Formalized Communication – Defining Common Goals and Objectives
Beyond what may appear on the surface to be conflicting objectives, Information Security is important in today’s interconnected digital world. Few small businesses survive a data breach, with 60 percent being out of business within six months following a breach. Big businesses tend to have a higher survival rate, but the reputation damage from a breach can be huge. According to Allianz, a major insurance firm, the actual financial losses are negligible compared to the reputation loss. It is imperative that you have a documented security policy, which can then be translated into specific operational goals and objectives. This will drive changes to align with goals that will combine both long-term security and operational efficiency. This way IT Operations can incorporate secure practices into their deliverables and adjust performance goals as necessary.

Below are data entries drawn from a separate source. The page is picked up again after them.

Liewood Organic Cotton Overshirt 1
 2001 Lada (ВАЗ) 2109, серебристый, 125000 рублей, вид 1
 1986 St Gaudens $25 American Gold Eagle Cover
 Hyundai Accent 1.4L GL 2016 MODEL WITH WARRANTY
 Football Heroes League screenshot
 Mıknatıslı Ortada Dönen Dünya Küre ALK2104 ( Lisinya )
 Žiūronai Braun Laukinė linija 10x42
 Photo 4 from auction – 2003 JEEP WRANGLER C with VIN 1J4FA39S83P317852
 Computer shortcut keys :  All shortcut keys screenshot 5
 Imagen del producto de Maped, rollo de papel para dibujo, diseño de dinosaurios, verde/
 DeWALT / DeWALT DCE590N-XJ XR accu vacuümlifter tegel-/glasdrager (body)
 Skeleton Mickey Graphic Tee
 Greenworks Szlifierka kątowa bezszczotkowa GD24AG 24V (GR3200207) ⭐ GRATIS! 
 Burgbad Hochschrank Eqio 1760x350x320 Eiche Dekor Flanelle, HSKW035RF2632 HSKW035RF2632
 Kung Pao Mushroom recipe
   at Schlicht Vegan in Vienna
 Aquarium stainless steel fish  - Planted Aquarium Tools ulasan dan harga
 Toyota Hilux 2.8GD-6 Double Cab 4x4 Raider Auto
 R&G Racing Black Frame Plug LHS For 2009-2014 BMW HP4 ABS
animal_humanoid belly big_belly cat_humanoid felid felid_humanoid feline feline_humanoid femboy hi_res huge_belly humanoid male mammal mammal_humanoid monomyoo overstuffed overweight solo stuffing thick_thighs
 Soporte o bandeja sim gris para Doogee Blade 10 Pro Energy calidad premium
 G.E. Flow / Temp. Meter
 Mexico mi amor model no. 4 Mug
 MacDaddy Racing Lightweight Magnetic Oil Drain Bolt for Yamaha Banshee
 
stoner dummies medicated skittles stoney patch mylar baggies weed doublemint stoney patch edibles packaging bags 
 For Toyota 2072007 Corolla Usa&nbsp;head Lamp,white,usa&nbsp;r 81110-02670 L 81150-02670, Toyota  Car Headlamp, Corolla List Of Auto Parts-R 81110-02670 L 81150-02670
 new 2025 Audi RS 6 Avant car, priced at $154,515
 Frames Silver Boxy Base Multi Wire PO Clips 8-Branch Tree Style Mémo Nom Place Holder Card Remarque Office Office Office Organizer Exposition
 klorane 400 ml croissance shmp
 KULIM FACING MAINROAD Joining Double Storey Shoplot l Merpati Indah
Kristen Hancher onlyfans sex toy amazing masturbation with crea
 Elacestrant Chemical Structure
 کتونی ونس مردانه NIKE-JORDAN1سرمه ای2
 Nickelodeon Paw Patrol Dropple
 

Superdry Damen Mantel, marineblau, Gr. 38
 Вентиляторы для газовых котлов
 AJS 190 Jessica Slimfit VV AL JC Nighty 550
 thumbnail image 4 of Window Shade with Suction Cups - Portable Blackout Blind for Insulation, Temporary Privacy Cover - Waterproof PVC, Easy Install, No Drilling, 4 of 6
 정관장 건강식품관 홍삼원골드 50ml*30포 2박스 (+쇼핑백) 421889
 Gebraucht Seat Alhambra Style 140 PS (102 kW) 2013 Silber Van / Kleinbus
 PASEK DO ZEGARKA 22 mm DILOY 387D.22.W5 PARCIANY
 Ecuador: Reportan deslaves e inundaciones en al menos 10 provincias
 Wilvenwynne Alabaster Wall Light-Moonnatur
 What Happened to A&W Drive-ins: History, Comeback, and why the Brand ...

This is particularly true when your IT Operations is outsourced to a managed IT services provider. While they will endeavor to know and understand your business to a level required to recommend services and then deliver to your needs, it will remain with you to truly understand what data you have, and what your “crown jewels” are within your business. Having a documented Information Security policy which is reviewed routinely with your IT department or service provider will enable clear and continuous communication ensuring alignment of both areas.
Where to start?
If you currently have no formal documented Information Security Policy, defining one should be a key objective for 2017. If you are working with a fully managed IT services provider like Intrinium, they can help guide you in development and implementation of a policy. But if your IT Operations are all in-house and you want to keep it that way, take a look at a publication from the National Institute of Standards and Technology (NIST). This publication was written specifically for SMB owners, and outlines a framework of six actionable domain areas that should be addressed in your policy. It also has cross references to various security and regulatory standards you may need to address. After all, nobody knows your business like you, and nobody cares to protect it as much as you!